Grenache, syrah and mourvedre are the primary grapes used in Rhone wines, however wines tend to be made with predominantly grenache in southern Rhone and predominantly syrah in the northern rhone. This particular one is 100% syrah.
So what is “Crozes-Hermitage”? It’s a formally designated appellation. The Rhone is a general region, but within the Rhone there are specific appellations — which regulate boundaries of the territory as well as the winemaking practices required to use the designation. In the northern Rhone some of the most acclaimed appellations are Cotie Rotie and Hermitage, but that acclaim means you often end up paying a bit more for wines from those appellations. Wines from Crozes-Hermitage are sometimes referred to as “baby Hermitage” wines, implying they are not quite as amazing as those from Hermitage, but pretty close. And that is the type of appellation a value-seeker like me is often drawn toward.
One thing I suspect intimidates some, is knowing how to correctly pronounce the names of different wine regions and producers. It can get tricky when dealing with French and German wines if you don’t speak the language. I know I’ve often flubbed the pronunciations of many wines in the past. To make this one simple, just treat the “s” and “h” as silent making the pronunciation “croze ermitage.” That may not convey all the nuance a native French-speaker would, but it’s close enough.
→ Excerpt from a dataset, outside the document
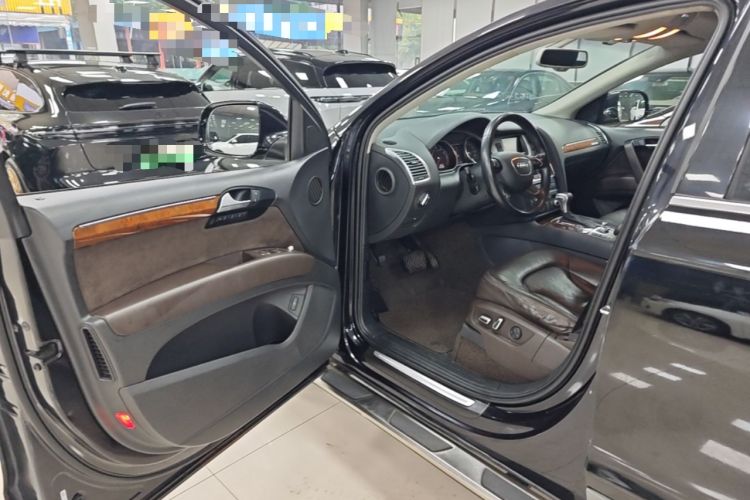 Used Audi Q7 2015 35 TFSI Ambition Edition Driver Seat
This wine is quite earthy on the nose, offering aromas such as black pepper, leather, smoked cedar and red berries. The palate delivers nicely balanced fruit flavors along with that earthiness with flavors like currant, blackberry and dark chocolate. The tannins add a silkiness to the mouthfeel. The acidity is good. It finishes with lingering berry and chocolate flavors. It’s a nice, balanced wine with a meatiness to the body.
Wine: Ferraton Père & Fils, La Matinière, Crozes-Hermitage
Disclosure: This wine was received as a media sample.